My body went ice-cold.
He knew my name.
And worse—
I knew the voice.
I couldn’t place it, but some buried part of my brain recognized it instantly—like hearing a nightmare you thought you’d forgotten.
The shadow of his legs paused right beside my bed.
Then he crouched.
And his fingers reached under the mattress… just inches from mine.
To be continued in the comments 👇

The Man Under My Bed
Portland, Oregon – Thursday, 11:22 a.m.
I am thirty-one years old, six-foot-two, and I have never been so terrified in my life.
I lay flattened on my stomach beneath my own bed, cheek pressed to the dusty hardwood, heart jack-hammering so hard I was sure he could hear it. The comforter hung down like a curtain, but there was a two-inch gap between fabric and floor, through it, I could see polished brown leather shoes (the same shoes I’d seen a hundred times in photos) stop inches from my face.
Then the knees bent.
The shoes disappeared.
A man’s face filled the gap.
And the world tilted sideways.
It was me.
Not a twin. Not a look-alike.
Me.
Same dark hair falling over the left eye. Same small scar through the right eyebrow from a skateboard accident at fourteen. Same faint freckles across the bridge of the nose that only show in summer.
But the expression was wrong. Cold. Irritated. Proprietary.
He looked straight at the spot where I was hiding, as if he could see through the comforter, through the slats, through my skull.

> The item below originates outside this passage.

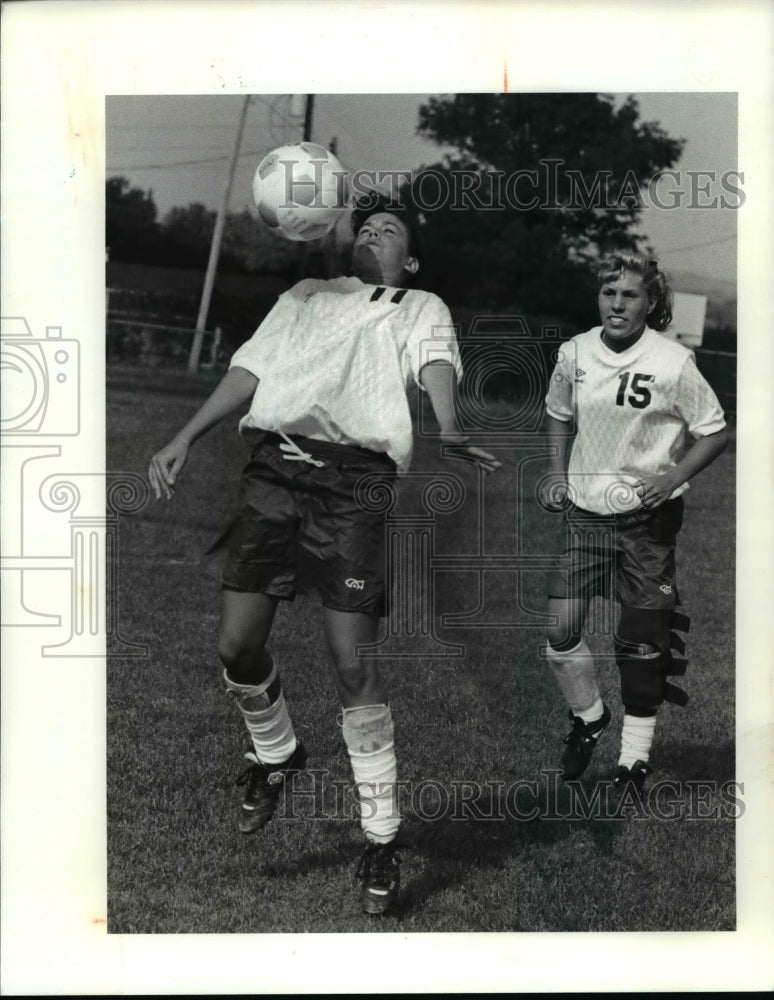 1990 Press PhotoMedina HIgh Soccer Team Girls, (L) Daphine Gregory &amp; Chris Sohar- Historic Images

“You always leave such a mess, Marcus,” he said again, voice calm, almost affectionate, like a husband scolding a spouse who forgot to take out the trash.
I couldn’t breathe.
He reached under the bed.
His fingers brushed the sleeve of my hoodie.
I jerked back involuntarily. My shoulder hit the bed frame with a dull thud.
Everything stopped.
He went perfectly still.
Then he smiled (my smile, but crueler) and whispered, “There you are.”
I scrambled out the other side, knocking over the nightstand, lamp crashing, phone skittering across the floor. I bolted for the bedroom door.
He didn’t chase.
He just stood up slowly, brushed dust off his jeans (my jeans), and said, “You weren’t supposed to come home early.”
I made it to the hallway before my legs gave out. I caught myself on the wall, chest heaving.
“Who the fuck are you?” I rasped.
He leaned against the bedroom doorframe, arms crossed, studying me like I was the intruder.
“I’m you, Marcus. The version that didn’t run away.”
I laughed, high and broken sound. “I have never seen you before in my life.”
“That’s because you left,” he said softly. “Ten years ago. The night of the fire.”
The air left my lungs.
There had been a fire.
When I was twenty-one, living in a different city, my childhood home in Tacoma burned to the ground. My parents died. I was told it was electrical. I was told I was lucky to be away at college.
I had nightmares about it for years, but I never went back.
He took one step closer.
“I didn’t get out,” he said. “I stayed. I burned. And I’ve been trying to get back to the life you stole ever since.”
My knees buckled. I slid down the wall until I was sitting on the floor.
“That’s impossible.”
“Is it?” He crouched so we were eye-level. “Tell me, Marcus, why do you think you can’t ever sleep in this house? Why do you wake up at 3:07 a.m. every night with smoke in your throat? Why do you keep finding ash in the bathtub when you never light the fireplace?”
I stared at him.
Because those things were true.
He extended a hand. His palm was scarred, blistered, healed wrong.
“Come with me,” he said. “Let me show you what really happened that night. Then you can decide which one of us gets to keep living your life.”
I looked at his hand.
Then at the front door twenty feet away.
Then back at him.
And I realized something that made the room spin:
The deadbolt was still locked.
From the inside.
He hadn’t come in through the door at all.
He had always been here.
Waiting.
I took his hand.
The moment skin touched skin, the house sighed around us, like a lung finally allowed to exhale.
And everything went black.
When I opened my eyes, I was standing in the charred skeleton of my childhood home, flames licking the walls, smoke burning my lungs, and a younger version of myself (twenty-one, screaming, trapped behind a wall of fire) was staring at me with pure animal terror.
The other me (the burned one) stood beside me, whispered, “You left me to die so you could live. Now it’s time to switch places.”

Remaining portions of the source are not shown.